Nel percorso di lettura del libro si evince come le scoperte scientifiche sviluppate negli anni da vari scienziati vengano riprese e rielaborate per produrre nuove ed originali teorie, ad evidenziare che la scienza e gli scienziati non possono essere mai confinati in un periodo storico o temporale, come se fossero fuori dal concetto di tempo come lo intendiamo noi. Il linguaggio semplice utilizzato dall’autore e la sua capacità di incastonare la genesi di teorie così complesse all’interno di intuizioni avute dai fisici e dagli scienziati nella loro vita quotidiana, permette al lettore di seguire facilmente la narrazione e comprendere in profondità i contenuti trattati.

Il pianeta umano - Simon L. Lewis e Mark A. Maslin

Recensione di Bianca Ivghenie, 3DA, Liceo Vailati, as 2019-20
L'uomo è una forza geologica e noi siamo ormai entrati in un'epoca nuova, l’Antropocene, nella quale siamo noi a dettare il futuro del nostro pianeta: ecco il messaggio chiaro che il saggio di Simon Lewis e Mark Maslin, Il pianeta umano, definisce.
L'idea di questa nuova fase era già pensata da molto tempo, anche se è entrato recentemente il suo uso, con idee e ipotesi che l’hanno determinato al meglio, avvertendo che siamo noi la grande forza che sta portando avanti la Terra, con un enorme impatto delle nostre azioni: è così che la quantità immane di cemento prodotto è in grado di coprire l'intera superficie della terra, abbiamo tagliato più della metà degli alberi presenti sul pianeta, il clima cambia a causa delle emissioni di CO² dei combustibili fossili.
Per permettere ciò ci sono volute ben quattro fasi evolutive: la nascita dell'agricoltura, l'economia globalizzata dell'Europa, che ha permesso una grande svolta storica, l'uso dei combustibili fossili, la nascita della società moderna.
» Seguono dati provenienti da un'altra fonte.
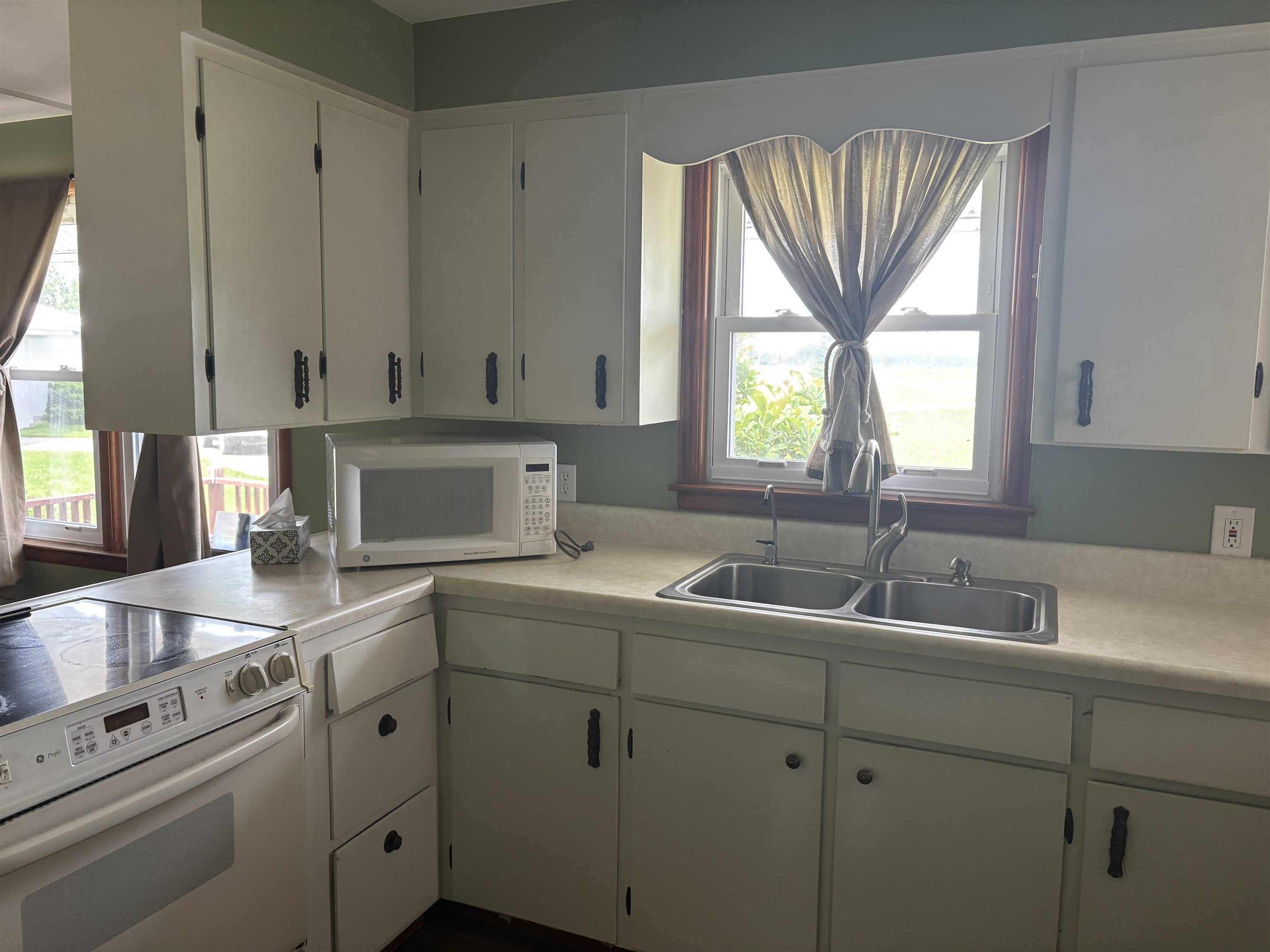 10510 S Hemlock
Il libro, con grande fluidità di discorso e ricchezza di dati, ripercorre il processo storico attraverso il quale l’umanità è progressivamente diventata una grande potenza. Tutto inizia dall’età preistorica, dalle nostre origini in Africa, poi si procede con lo sviluppo della agricoltura, causa del grande cambiamento climatico, che ha persino posticipato l'inizio di una nuova glaciazione fino ad arrivare alla nostra età attuale, l’era Superinterglaciale.
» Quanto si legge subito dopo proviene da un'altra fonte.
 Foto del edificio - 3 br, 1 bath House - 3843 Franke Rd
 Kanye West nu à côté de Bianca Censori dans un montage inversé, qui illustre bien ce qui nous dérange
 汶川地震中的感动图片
Il pianeta terra ha subito un’enorme influenza dalla nostra specie nell’arco dei suoi 4,54 miliardi di anni. Questa datazione è stata raggiunta attraverso lungo e vari studi, avviati già nell’Ottocento, studiando soprattutto le rocce: è proprio con lo studio delle rocce che è stato possibile datare il pianeta Terra.
Un altro dubbio rimaneva: quando ha inizio l'Olocene? L’epoca geologica iniziò 11.650 anni fa ed è ancora in corso, avendo preso avvio dal decadimento del carbonio 14 avvenuto nell’epoca precedente, il Pleistocene.
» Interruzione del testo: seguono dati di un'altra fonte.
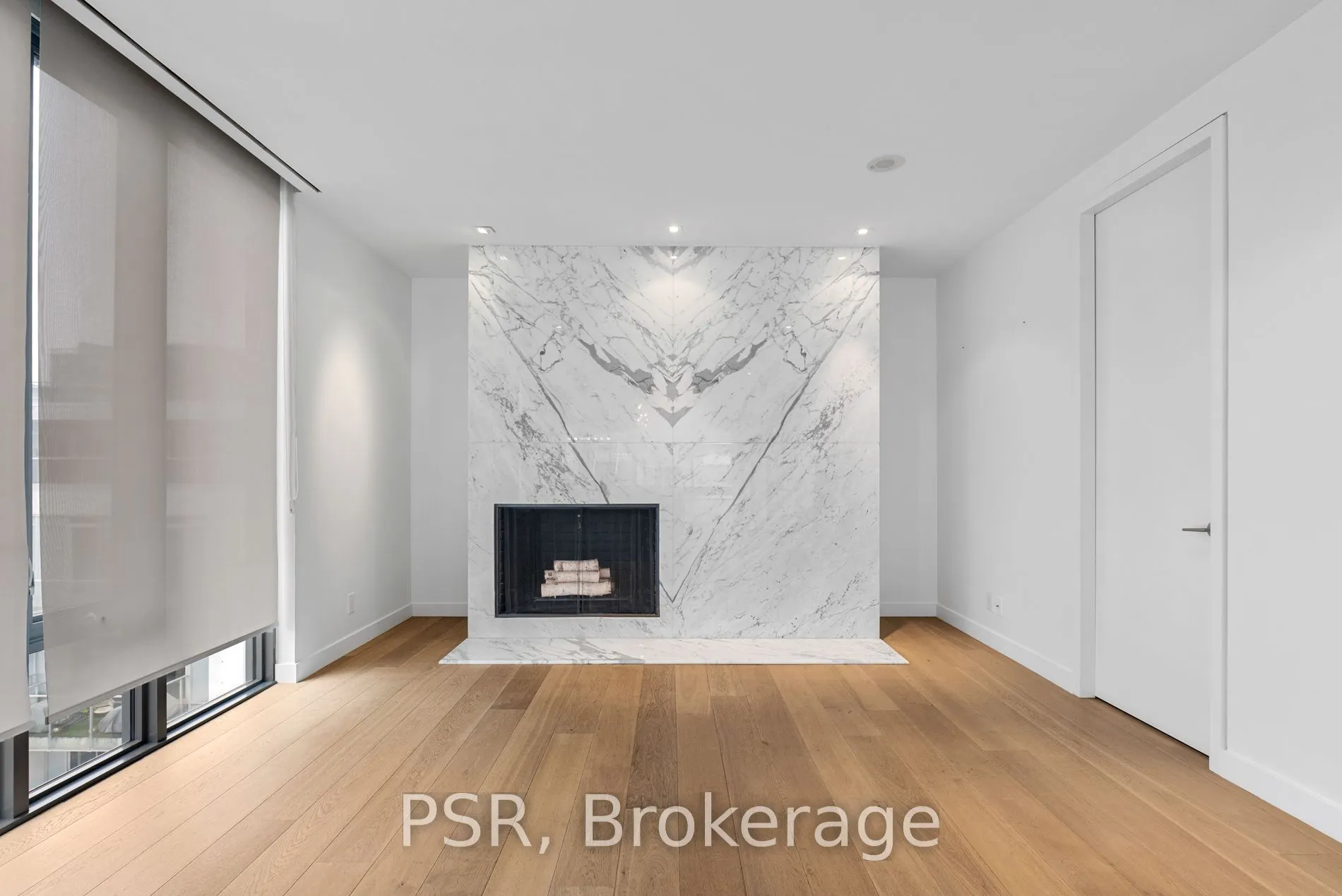 500 Wellington Street W, #Ph1001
Nonostante gli enormi cambiamenti che l'uomo ha causato alla Terra negli ultimi secoli, si continua a proporre l'uso del termine Olocene per determinare l'epoca corrente: “Antropocene” è un termine usato sin dagli anni '80 e, visto che le altre epoche geologiche hanno durata media di 17 milioni di anni, l'Antropocene è considerato un'anomalia.
L'esempio posto all'inizio del libro, per il quale siamo come batteri in una piastra di Petri e cioè siamo destinati al collasso e alla regressione, ha ormai una risposta negativa: noi non siamo portati a ciò alla regressione e, ancor peggio, all’autodistruzione, perché siamo in grado di pensare a come evitare di crescere fino allo sfinimento, terminando tutte le risorse. Ma, anzi, tutto ciò che è la nostra realtà, ci porterà invece a una nuova organizzazione sociale, con un sempre maggiore sviluppo delle conoscenze.

Hello world - Hannah Fry

Recensione di Alessia De Luca, 5D, Liceo Vailati, as 2019-20
È una tradizione quella di far pronunciare come prime parole alla propria creazione “Hello world”: per riprendere questa usanza, Hannah Fry decide così di intitolare il suo saggio scientifico di argomento straordinariamente attuale e ragionare sul progresso dell’essere umano, che procede di pari passo con il progredire della tecnologia, compiendo un’analisi sulle intelligenze artificiali che si rispecchiano sull’uomo e sulle sue scelte.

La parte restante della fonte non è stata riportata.